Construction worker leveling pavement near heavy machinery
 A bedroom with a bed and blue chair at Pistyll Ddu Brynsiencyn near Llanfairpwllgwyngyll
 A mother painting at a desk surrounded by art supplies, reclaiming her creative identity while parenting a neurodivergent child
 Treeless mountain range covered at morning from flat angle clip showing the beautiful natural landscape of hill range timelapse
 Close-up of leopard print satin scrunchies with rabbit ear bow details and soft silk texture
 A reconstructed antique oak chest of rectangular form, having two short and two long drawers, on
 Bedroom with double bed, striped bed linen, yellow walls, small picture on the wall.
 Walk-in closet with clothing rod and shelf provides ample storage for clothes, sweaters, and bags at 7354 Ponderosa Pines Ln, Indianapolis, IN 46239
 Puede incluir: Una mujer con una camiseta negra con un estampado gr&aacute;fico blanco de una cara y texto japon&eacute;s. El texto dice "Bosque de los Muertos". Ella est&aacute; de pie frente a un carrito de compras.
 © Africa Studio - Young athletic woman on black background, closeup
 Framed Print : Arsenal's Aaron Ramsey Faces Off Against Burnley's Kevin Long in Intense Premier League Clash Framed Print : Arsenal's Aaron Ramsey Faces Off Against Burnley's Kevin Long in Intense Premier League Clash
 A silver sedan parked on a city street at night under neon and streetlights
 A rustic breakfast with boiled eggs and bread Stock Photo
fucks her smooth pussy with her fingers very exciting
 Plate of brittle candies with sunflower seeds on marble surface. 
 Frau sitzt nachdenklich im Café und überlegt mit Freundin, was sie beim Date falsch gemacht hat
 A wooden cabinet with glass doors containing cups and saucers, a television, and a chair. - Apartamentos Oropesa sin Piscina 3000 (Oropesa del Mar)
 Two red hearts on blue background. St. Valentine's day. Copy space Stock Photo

§ WHAT YOU ARE ASKED TO DO: All lines of the material that contain the string "Stock" are to be copied.

§ EXPECTED ANSWER:
 A rustic breakfast with boiled eggs and bread Stock Photo
 Two red hearts on blue background. St. Valentine's day. Copy space Stock Photo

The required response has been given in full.